Project Summary The goals of this R01 proposal include the molecular and immunological characterization of vaccine adjuvant activity associated with processes mediated by the protein Stimulator of Interferon Genes (STING). Vaccines comprised of inert antigen are often only weakly immunogenic and thus require co-administration of adjuvants to augment immunostimulation. Unfortunately, very few adjuvants are approved for clinical use and the mechanisms of adjuvant-associated enhancement are poorly understood. STING is a pattern recognition receptor that detects purine-containing cyclic dinucleotides (CDN) synthesized by either bacterial cyclases or the host enzyme cyclic GMP-AMP (cGAMP) synthase (cGAS) following its sensing of cytosolic DNA. Pharmacologic activation of STING greatly enhances vaccine efficacy as indicated by antibody and cell-mediated protection against diverse microbial pathogens. Furthermore, endogenously synthesized cGAMP is naturally released from cells in exosomes and virus particles. We exploited this phenomenon by constructing cell lines that express constitutively active cyclases that we then used to produce immunogenic virus-like particles (VLP). We now show that VLP derived from unrelated emerging flavi- and alphaviruses efficiently encapsulate bioactive CDN and stimulate STING-dependent activity in vivo. Since extracellular CDNs are highly susceptible to degradation and disperse quickly from the site of injection, we hypothesize that this simple approach represents a transformative technological improvement for harnessing STING-directed adjuvant effects in the draining lymph node. We also predict this will be a highly adaptable platform and propose to explore the extent to which it is applicable to potentially emerging virus types. Experimentally, this also represents a unique investigative model that will allow in vivo characterization of the innate and molecular correlates of adaptive immunity that are potentiated by targeted STING activity. We thus hypothesize that the enhancement of antigen-directed immune responses by STING-based adjuvants is functionally linked to key molecular and cellular processes that are discernable using our proposed vaccines and experimental systems. We plan to explore this using an integrated approach that uses molecular transcriptomic analysis, mouse models of immune profiling, and nonhuman primate models of viral growth and protective immunity devised by our group.

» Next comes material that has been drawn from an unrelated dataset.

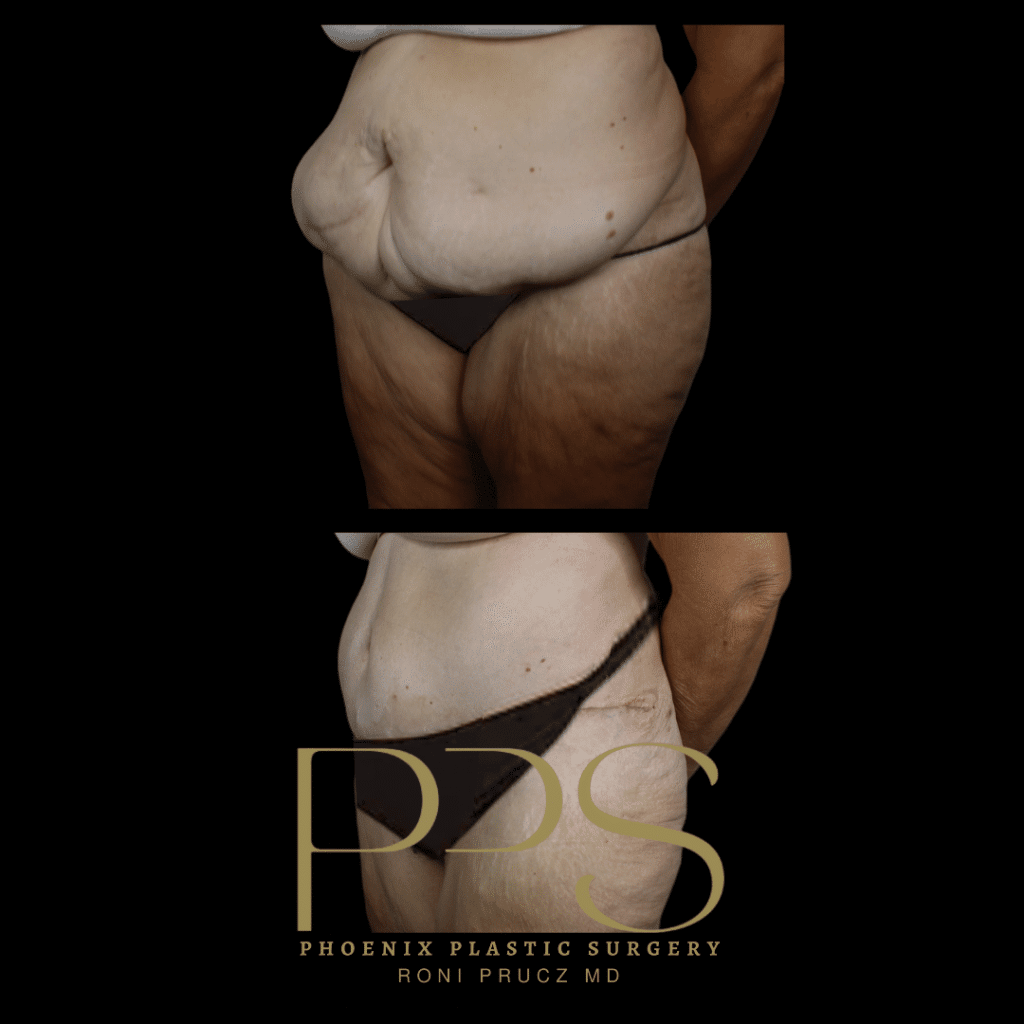 Before and After Photograph of Large Tummy Tuck Phoenix Arizona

项目摘要 该R 01提案的目标包括疫苗佐剂的分子和免疫学表征 与干扰素基因刺激因子（STING）蛋白介导的过程相关的活性。疫苗 包含惰性抗原通常仅具有弱免疫原性，因此需要佐剂的共同施用 以增强免疫刺激。不幸的是，很少有佐剂被批准用于临床使用， 对促排剂相关增强的机制知之甚少。STING是一种模式识别 一种检测由细菌环化酶或 宿主酶环GMP-AMP（cGAMP）合酶（cGAS）在其感测胞质DNA之后。 STING的药理学活化极大地增强了疫苗效力，如抗体和细胞介导的免疫反应所示。 保护免受各种微生物病原体的侵害。此外，内源性合成的cGAMP是天然的。 从细胞外泌体和病毒颗粒中释放出来。我们利用这一现象， 其表达组成型活性环化酶，然后我们用其产生免疫原性病毒样颗粒（VLP）。 我们现在表明，来自不相关的新兴黄病毒和甲病毒的VLP有效地包裹了生物活性物质， CDN和刺激体内STING依赖性活性。由于细胞外CDN非常容易受到 降解并从注射部位迅速分散，我们假设这种简单的方法代表了 一种变革性的技术改进，用于在引流中利用STING导向的辅助作用， 淋巴结我们还预测这将是一个高度适应性的平台，并建议探索在多大程度上 它适用于可能出现的病毒类型。实验上，这也代表了一个独特的研究 该模型将允许在体内表征适应性免疫的先天和分子相关性， 通过靶向STING活性增强。因此，我们假设，抗原导向免疫的增强 基于STING的佐剂的免疫应答在功能上与关键的分子和细胞过程有关， 使用我们提出的疫苗和实验系统。我们计划使用一个集成的 一种使用分子转录组学分析的方法，免疫分析的小鼠模型，以及非人类的 病毒生长和保护性免疫的灵长类动物模型。